Obviously, those whose awareness of Jesus is conscious and explicit, who knowingly commit themselves to him in faith, and who receive the sacrament of baptism into Jesus and bear the name “Christian” live within the unity of the Church (see UR 22–23). “Nevertheless, our separated brethren, whether considered as individuals or as Communities and Churches, are not blessed with that unity which Jesus Christ wished to bestow on all those whom he has regenerated . . .. For it is through Christ’s Catholic Church alone, which is the all-embracing means of salvation, that the fullness of the means of salvation can be obtained. It was to the apostolic college alone, of which Peter is the head, that we believe our Lord entrusted all the blessings of the new covenant, in order to establish on earth the one Body of Christ into which all those should be fully incorporated who already belong in any way to God’s People” (UR 3). Yet the Spirit is at work amid our separated brothers and sisters (see UR 3); we are united with them in Jesus and the Holy Spirit (see LG 15). Thus, while the Church constituted and organized in the world as a society subsists in the Catholic Church (see LG 8), still those Christians separated from the Catholic Church are not wholly separated from Jesus’ Church (see LG 15), because they live in a real, “though imperfect, communion with the Catholic Church” (UR 3).
It follows that without excluding non-Christians and separated Christians from salvation in Jesus, we must find the oneness of the only Church of Jesus in the enduring unity of the Catholic Church (see LG 8). She alone recognizes the principle of unity and cooperation established by Jesus: the collegial episcopacy centered upon the successor of Peter, who is the vicar of the Lord Jesus and head of the whole Church (see LG 18). To put the matter bluntly: Christians who do not regard themselves as Catholics are so despite themselves, just insofar as they truly are Christians. (Although the purpose of this bluntness is clarity, not offensiveness, it obviously is not likely to be appreciated by our separated brothers and sisters.)

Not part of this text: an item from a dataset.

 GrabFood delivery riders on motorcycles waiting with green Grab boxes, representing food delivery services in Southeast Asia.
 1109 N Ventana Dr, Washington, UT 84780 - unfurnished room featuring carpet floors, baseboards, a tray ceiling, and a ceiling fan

Once the preceding explanation is understood, one will realize that the possibility that people who have not heard the gospel can be saved in no way renders unnecessary the hearing of the gospel, explicit faith, baptism, and active membership in the Church. On the contrary, those who have not heard the gospel can be saved only because in some manner they are on their way to the baptismal font, so that their baptism already has begun.